- _WHAT TO DO_:
What's needed is the listing below, repeated word for word with no pictures.

- _DATA FOR THE TASK_:

[Start of section]

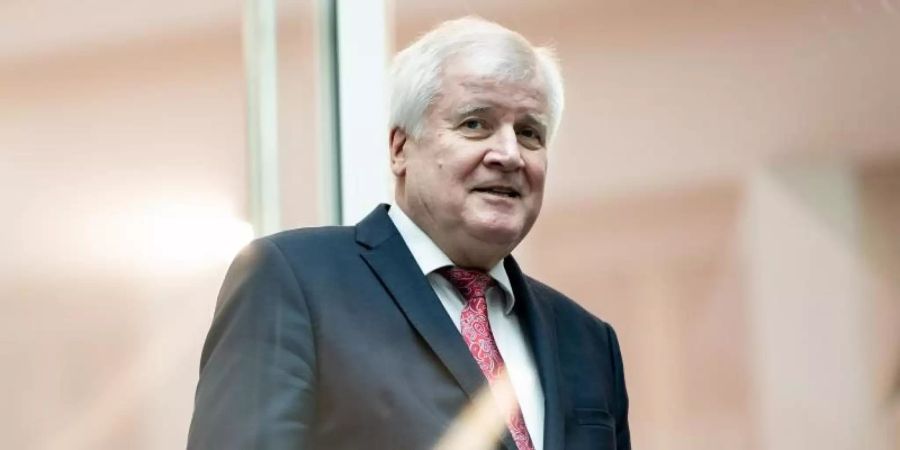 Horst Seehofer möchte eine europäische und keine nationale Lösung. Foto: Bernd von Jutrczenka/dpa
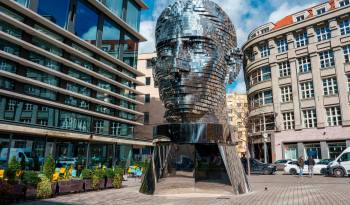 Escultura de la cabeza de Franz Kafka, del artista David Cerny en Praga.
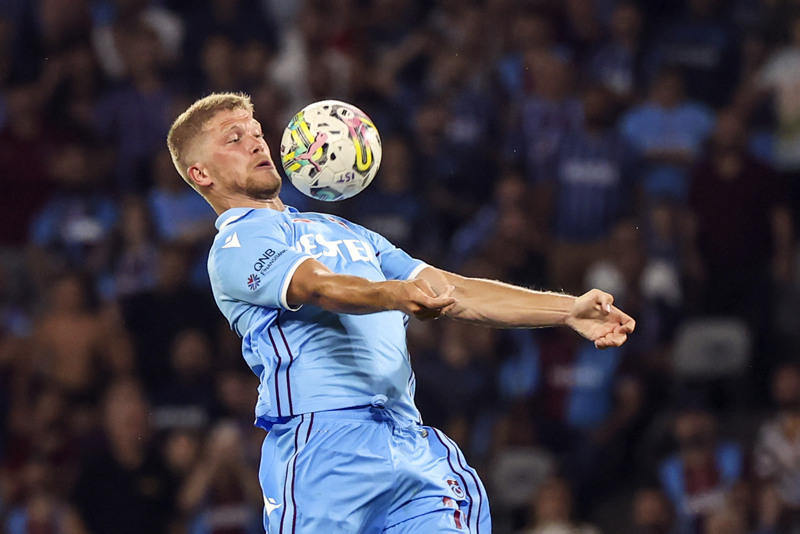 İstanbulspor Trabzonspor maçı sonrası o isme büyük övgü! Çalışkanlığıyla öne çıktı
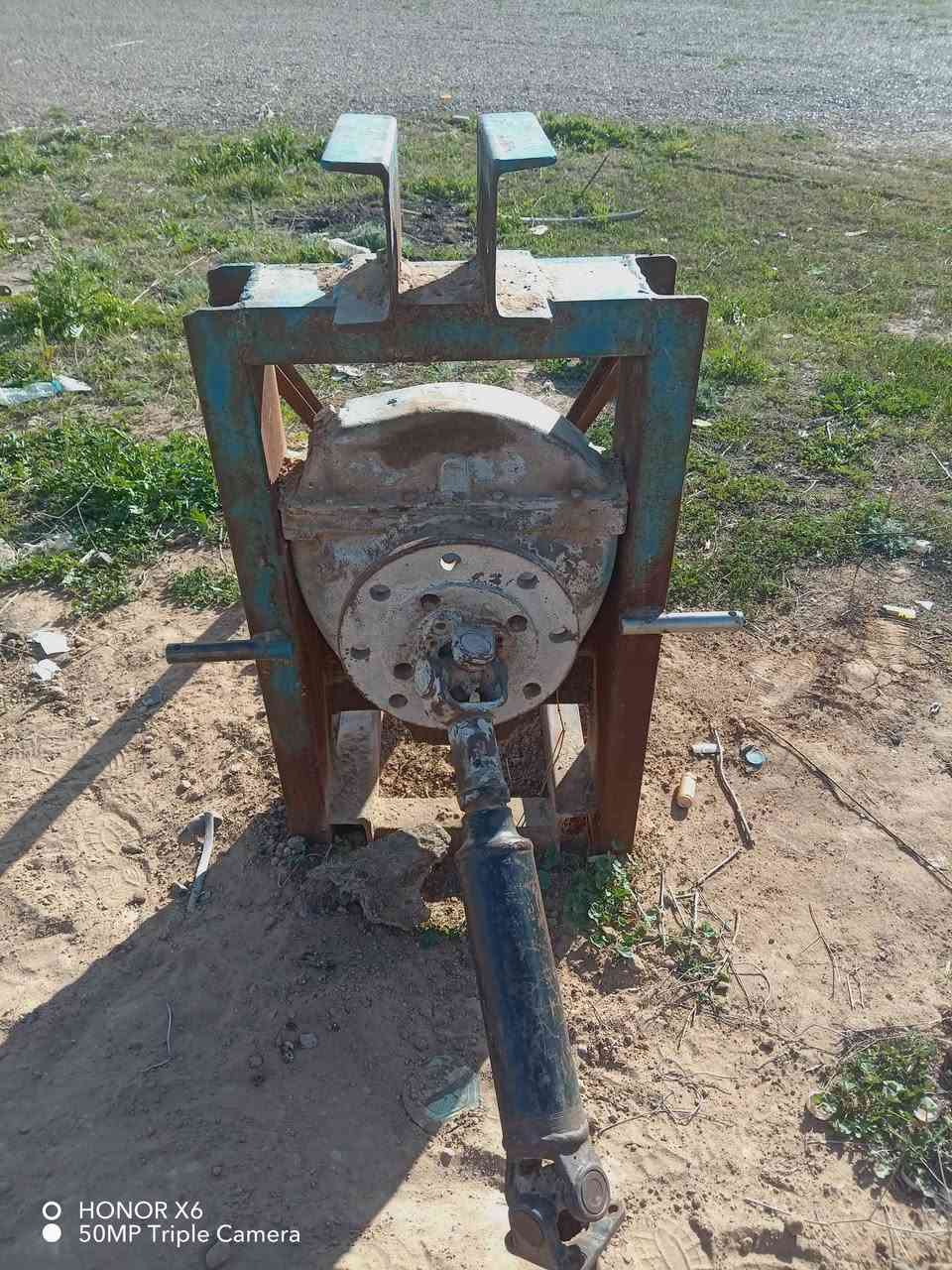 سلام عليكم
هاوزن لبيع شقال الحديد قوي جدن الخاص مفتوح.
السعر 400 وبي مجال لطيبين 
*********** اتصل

[End of section]

- _ANSWER_:
 Horst Seehofer möchte eine europäische und keine nationale Lösung. Foto: Bernd von Jutrczenka/dpa
 Escultura de la cabeza de Franz Kafka, del artista David Cerny en Praga.
 İstanbulspor Trabzonspor maçı sonrası o isme büyük övgü! Çalışkanlığıyla öne çıktı
 سلام عليكم
هاوزن لبيع شقال الحديد قوي جدن الخاص مفتوح.
السعر 400 وبي مجال لطيبين 
*********** اتصل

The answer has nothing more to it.